Data excerpts START
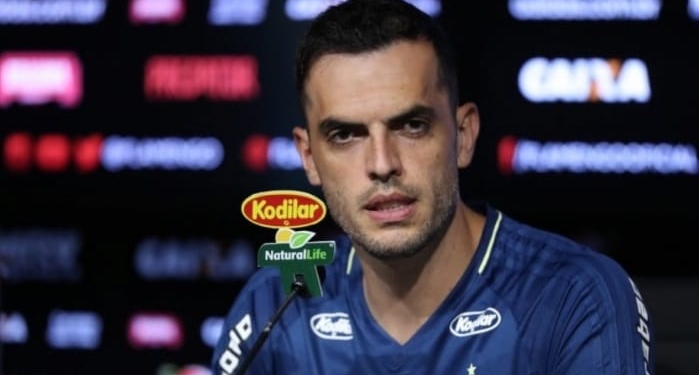 Substituto de Réver, Rhodolfo afirma: 'Meu entrosamento com Juan é bom'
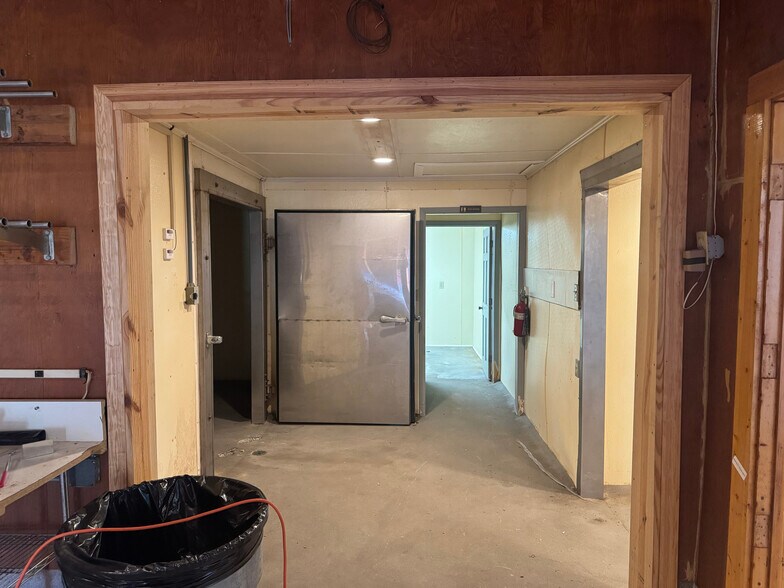 More Photos Of 2898 US-701 Hwy, Four Oaks Industrial For Sale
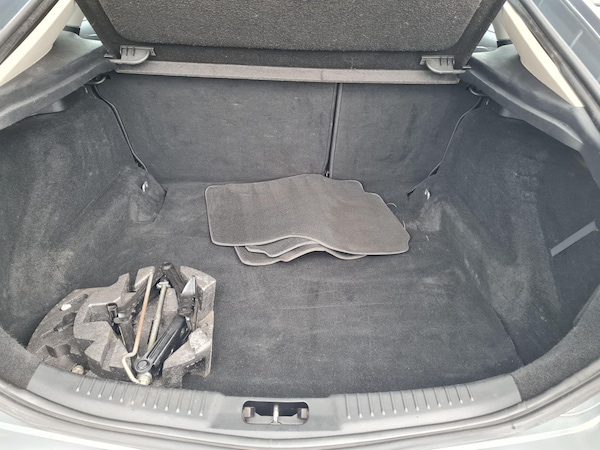 Used Ford Mondeo 2010 for sale - 75050839: Photo 4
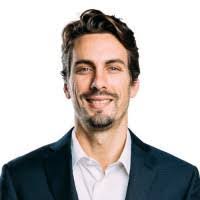 Seth Lang's Instagram, Twitter & Facebook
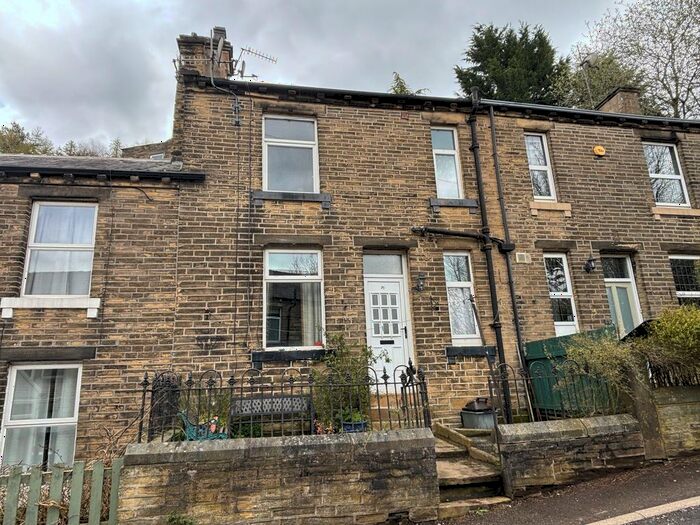 1 Bedroom Terraced House To Rent In Trooper Lane, Halifax, HX3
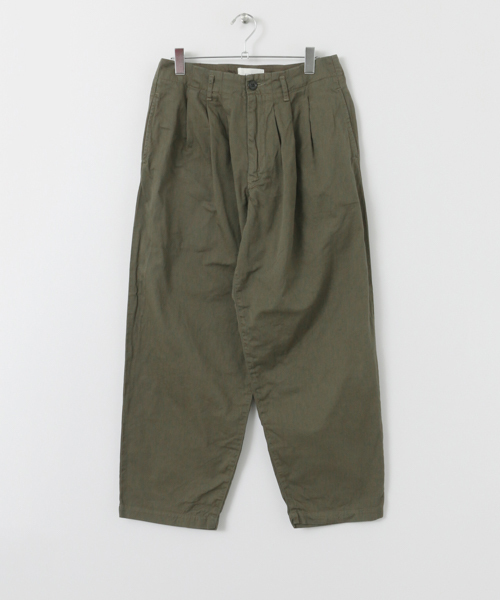 URBAN RESEARCH（アーバンリサーチ）の「RED SEAM タックトラウザー（その他パンツ・メンズ・ブラック/カーキ・MEDIUM/LARGE）」の9枚目の写真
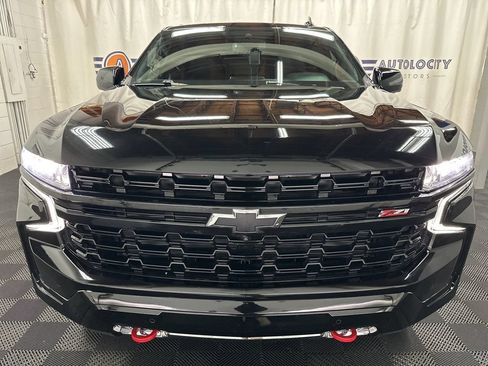 Used 2023 Chevrolet Tahoe Z71 w/ Luxury Package AWD/4WD image 4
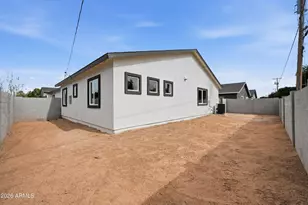 454 S Pioneer, Mesa, AZ 85204 - Photo 47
Data excerpts END
Without altering a word, return all of the records above and leave out their pictures.

_The answer_
 Substituto de Réver, Rhodolfo afirma: 'Meu entrosamento com Juan é bom'
 More Photos Of 2898 US-701 Hwy, Four Oaks Industrial For Sale
 Used Ford Mondeo 2010 for sale - 75050839: Photo 4
 Seth Lang's Instagram, Twitter & Facebook
 1 Bedroom Terraced House To Rent In Trooper Lane, Halifax, HX3
 URBAN RESEARCH（アーバンリサーチ）の「RED SEAM タックトラウザー（その他パンツ・メンズ・ブラック/カーキ・MEDIUM/LARGE）」の9枚目の写真
 Used 2023 Chevrolet Tahoe Z71 w/ Luxury Package AWD/4WD image 4
 454 S Pioneer, Mesa, AZ 85204 - Photo 47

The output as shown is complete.